Of the three important divisions or types of English folk-drama, viz., the Christmas Mumming-play, the Plough-Monday Play, and the Easter or Pace-Egg Play, the first and the last contain the character of St. George, with allusions to the legend, while in the Plough-Monday play that element is absent. But there is another element, which is common to all three groups, and that is the sword-dance. In the northern counties—Durham, for example—there is a sword-dancer's play or interlude, performed at Christmas, in which the traditional movements and evolutions of the sword-dance take place to the accompaniment of a song by the chief character, who is strictly the chorus of the piece, for he characterises each of the characters as they step in and join the performance. At the end of the dance the carefully concerted movements are abandoned, and fighting ensues: the parish clergyman rushes in to prevent bloodshed, receives a death-blow, and is cured by a doctor.
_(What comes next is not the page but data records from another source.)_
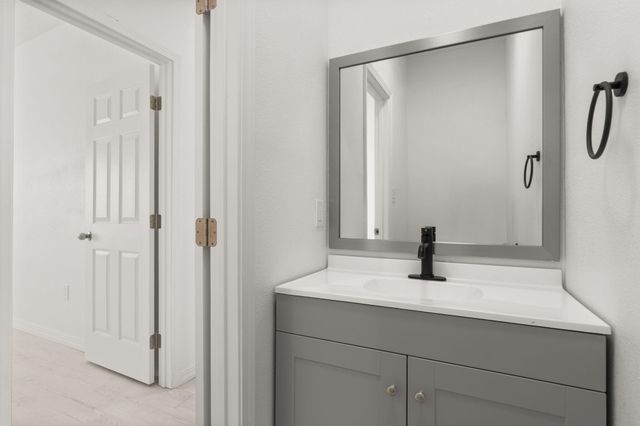 4 Rincon Court, Los Lunas, NM 87031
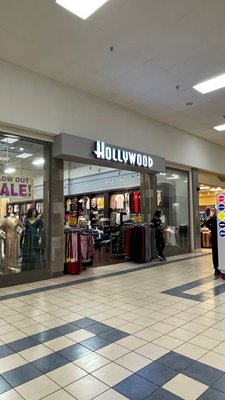 Shoppers World Brampton by null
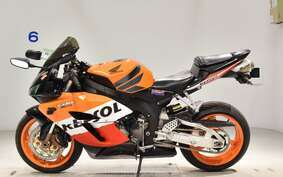 HONDA CBR1000RR 2004 SC57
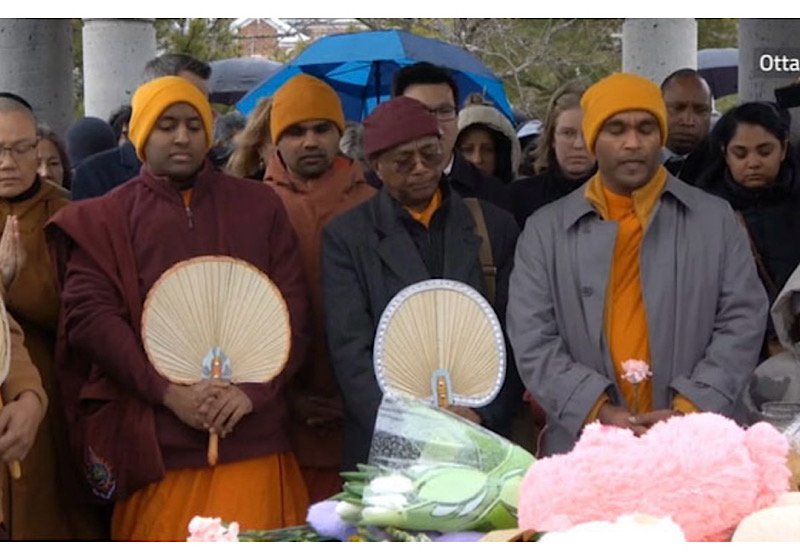 Ottawa community gathers to mourn family massacre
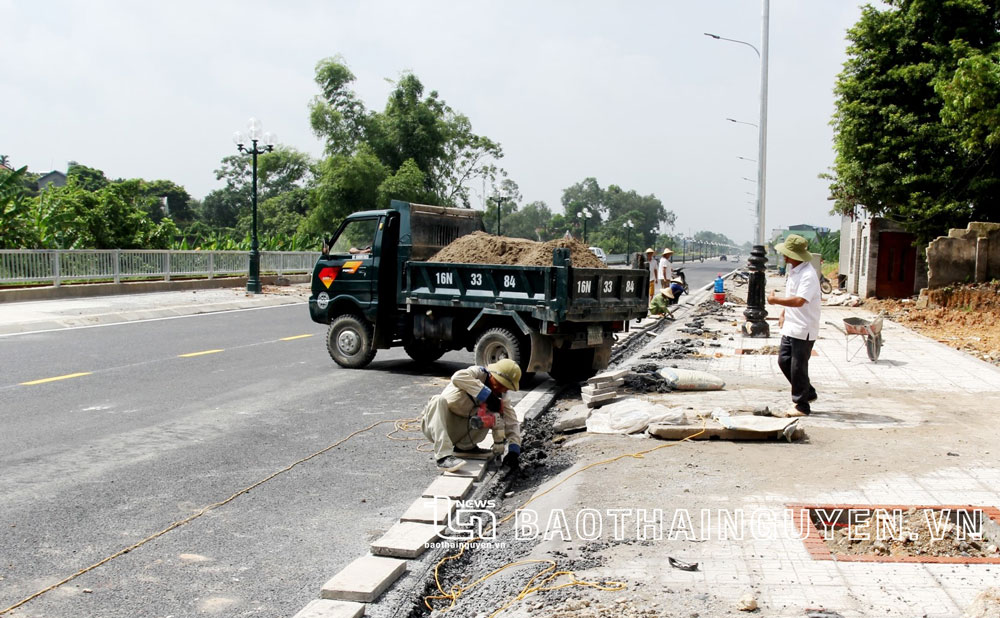  Đơn vị thi công khẩn trương hoàn thiện vỉa hè, hệ thống thoát nước mặt trên tuyến đường Việt Bắc giai đoạn 2.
Even from this description it is obvious that, in spite of the absence of St. George, this play presents points of resemblance to both the Mumming and the Pace-Egg types. First, a circle is drawn by one of the characters with his sword, and the performance takes place within that circle: the mumming and Pace-Egg plays are invariably prefaced by one of the characters claiming a space for the performance, sometimes with a broom sweeping round a circle, sometimes by "footing it round", as it was called; second, the characters fight together—in the mumming and Pace-Egg types they fight in couples successively; third, the doctor cures the slain—this feature is practically the same in the sword-dance play, and the mumming and Pace-Egg plays.

This sword-dance Christmas play found its way as far south as Devonshire; while versions of the mumming and Pace-Egg plays obtained in all parts of the country. The sword-dance itself, which underlies them all, continued Its traditional existence chiefly, if not entirely, in the northern counties.